* Task instructions
Retype exactly the lines that run from the start of the data to the line holding "530 Grand Street, Unit E10F photo 12", including both, and only those.

--- Data in this exercise ---

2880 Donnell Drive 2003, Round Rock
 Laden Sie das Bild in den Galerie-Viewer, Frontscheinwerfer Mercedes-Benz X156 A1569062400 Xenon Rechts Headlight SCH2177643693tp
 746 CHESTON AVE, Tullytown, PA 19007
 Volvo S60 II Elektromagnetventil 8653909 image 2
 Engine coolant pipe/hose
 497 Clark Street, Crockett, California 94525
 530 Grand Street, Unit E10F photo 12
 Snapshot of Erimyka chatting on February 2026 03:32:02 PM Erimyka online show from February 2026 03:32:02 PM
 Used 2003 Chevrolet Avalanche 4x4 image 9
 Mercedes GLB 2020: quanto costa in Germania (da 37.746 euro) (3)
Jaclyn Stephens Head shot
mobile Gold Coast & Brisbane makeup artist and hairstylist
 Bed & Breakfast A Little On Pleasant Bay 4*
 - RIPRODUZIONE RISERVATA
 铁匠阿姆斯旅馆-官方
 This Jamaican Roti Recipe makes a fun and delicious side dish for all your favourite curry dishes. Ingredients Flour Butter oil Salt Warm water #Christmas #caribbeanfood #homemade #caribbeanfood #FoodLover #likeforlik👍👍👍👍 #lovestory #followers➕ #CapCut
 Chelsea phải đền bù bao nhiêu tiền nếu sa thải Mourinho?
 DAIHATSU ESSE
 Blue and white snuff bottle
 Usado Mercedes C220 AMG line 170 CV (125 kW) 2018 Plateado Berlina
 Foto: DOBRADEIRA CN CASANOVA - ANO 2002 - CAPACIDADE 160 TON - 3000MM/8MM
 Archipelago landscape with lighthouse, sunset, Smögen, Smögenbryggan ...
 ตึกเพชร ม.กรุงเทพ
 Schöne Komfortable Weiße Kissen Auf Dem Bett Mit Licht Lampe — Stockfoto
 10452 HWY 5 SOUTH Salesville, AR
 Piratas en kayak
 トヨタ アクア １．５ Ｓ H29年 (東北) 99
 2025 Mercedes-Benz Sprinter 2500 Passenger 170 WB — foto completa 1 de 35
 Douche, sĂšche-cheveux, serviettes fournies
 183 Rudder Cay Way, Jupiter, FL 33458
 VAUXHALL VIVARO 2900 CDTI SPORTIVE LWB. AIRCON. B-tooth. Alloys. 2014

---

* Solution
2880 Donnell Drive 2003, Round Rock
 Laden Sie das Bild in den Galerie-Viewer, Frontscheinwerfer Mercedes-Benz X156 A1569062400 Xenon Rechts Headlight SCH2177643693tp
 746 CHESTON AVE, Tullytown, PA 19007
 Volvo S60 II Elektromagnetventil 8653909 image 2
 Engine coolant pipe/hose
 497 Clark Street, Crockett, California 94525
 530 Grand Street, Unit E10F photo 12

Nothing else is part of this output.